> [Problem to work on]:
Nothing but the lines from the one holding "Mozi tranh sơn" to the final line of the listing below, both included, should be repeated, and each must match exactly. Omit pictures.

> [Data block]:
BEGIN

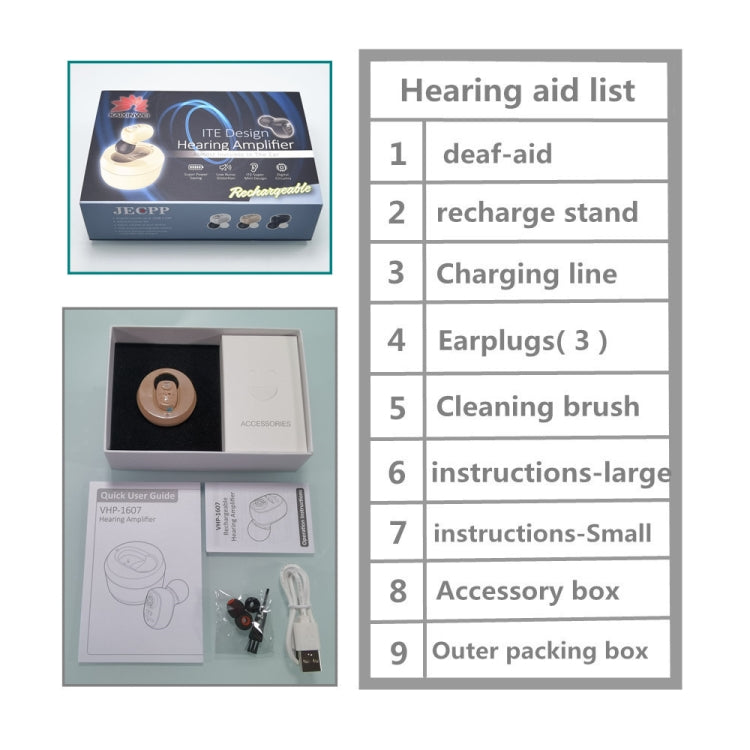 KAIXINWEI VHP-601 DC3.7V In-ear Bluetooth Hearing Aid Sound Amplifier (Black) - Hearing Aids by PMC TechLife | Online Shopping South Africa | PMC TechLife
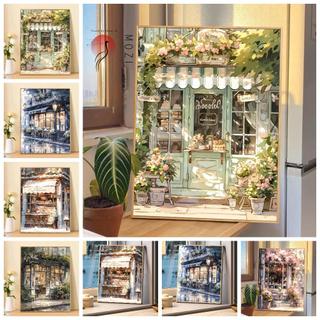 Mozi tranh sơn dầu số hóa 40x50cm/30x40cm, tranh tô màu theo số, phong cách quán cà phê, có thể làm theo yêu cầu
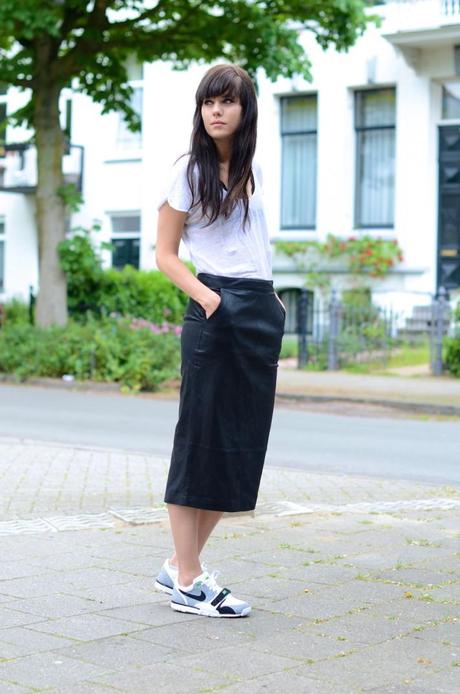 how to wear leather pencil skirt casual trainers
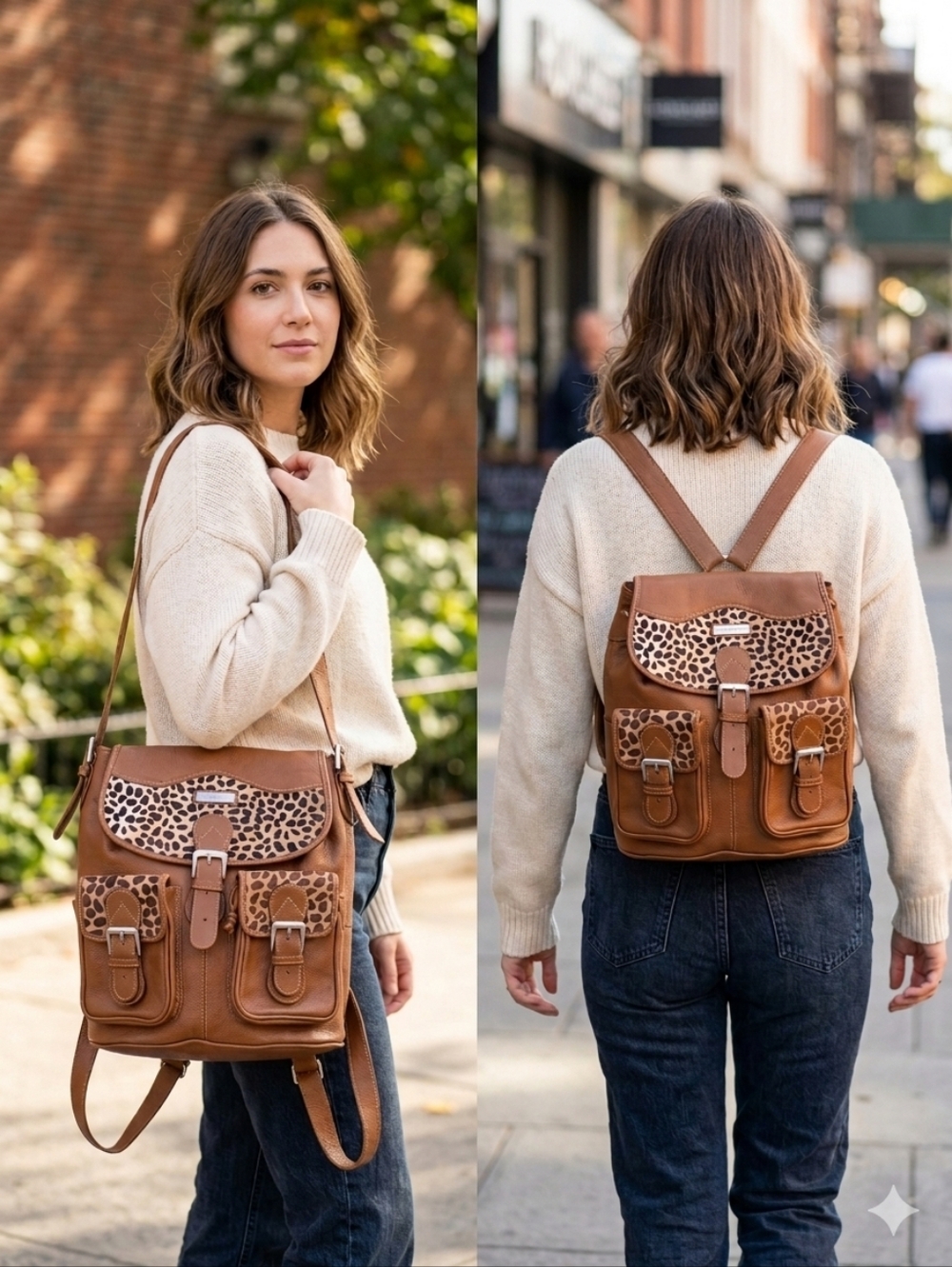 Two Pretty Leather Convertible Backpack & Matching Calf Hair Wallet Set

END

> [Task output]:
 Mozi tranh sơn dầu số hóa 40x50cm/30x40cm, tranh tô màu theo số, phong cách quán cà phê, có thể làm theo yêu cầu
 how to wear leather pencil skirt casual trainers
 Two Pretty Leather Convertible Backpack & Matching Calf Hair Wallet Set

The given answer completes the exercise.